Setelah itu lambaian istri dan anak laki-laki kecilku tergambar jelas di pupil yang sedari tadi menahan kuat bulir bening ini. Kutarik nafas panjang seraya melangkahkan kaki ini menuju ujung gang rumahku. Aku memutuskan naik kereta dengan pertimbangan agar bisa cepat sampai dan tidak terlalu terjebak pada keruwetan jalur pantura. Memang bila dengan bus, ongkos yang dikenakan lebih murah, namun ulah para supir yang kadang ugal-uagalan membuatku kurang nyaman menikmati perjalanan.

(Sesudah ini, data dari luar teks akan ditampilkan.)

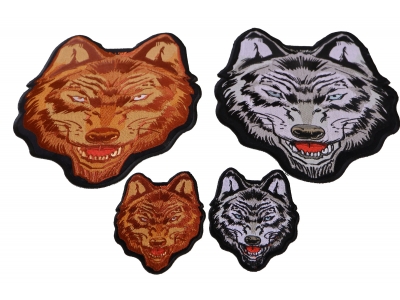 Brown and Gray Wolves Small and Large Iron on Patch Set of 4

Satu jam setengah bus patas PRIMAJASA ini menghantarkanku di pintu tol Kebon Jeruk. Dari sana aku harus menyambung dengan ojek untuk bisa mencapai Stasiun Gambir. Aku sedikit was-was karena pemberangkatan terkahir dari Gambir tujuan Cirebon adalah pukul 3 sore, dan itu tinggal dua puluh menit lagi dari sekarang. Aku meminta tukang ojek ini agar memacu kendaraannya lebih kencang dengan harapan tak tertinggal kereta sore.

Seperempat jam kemudian aku sudah sampai di Stasiun Gambir, beruntung lima menit terakhir ini aku masih bisa mengantri dan mendapatkan tiket jurusan Cirebon. Segera kumasuki kereta Cirebon Ekspress yang akan berangkat menuju Cirebon. Di gerbong nomor 6 kelas bisnis ini, aku memperoleh bangku paling ujung tepat di samping pintu keluar. Beberapa penumpang yang agak memaksakan diri untuk ikut kereta sore ini nampak berdiri dan berusaha mencari posisi yang pas untuk ‘ngampar’, dan itu biasanya di pojokan tepat di samping tempat duduku.

Peluit petugas PPKA terdengar nyaring ketika roda kereta api ini perlahan mulai bergerak. Beberapa wajah yang sedari tadi sibuk dengan beragam barang bawaan, mulai dapat menghela nafas lega kalau pada akhirnya mereka dapat ikut serta kereta ‘kloter’ terakhir ini.

“Bismillahi tawwaqaltu allahu laa haula walla quwwata illa billah… Yaa Allah selamatkanlah perjalananku menuju keluargaku…” gumanku mengiringi roda kereta yang mulai bergerak kencang meninggalkan Stasiun Gambir ini.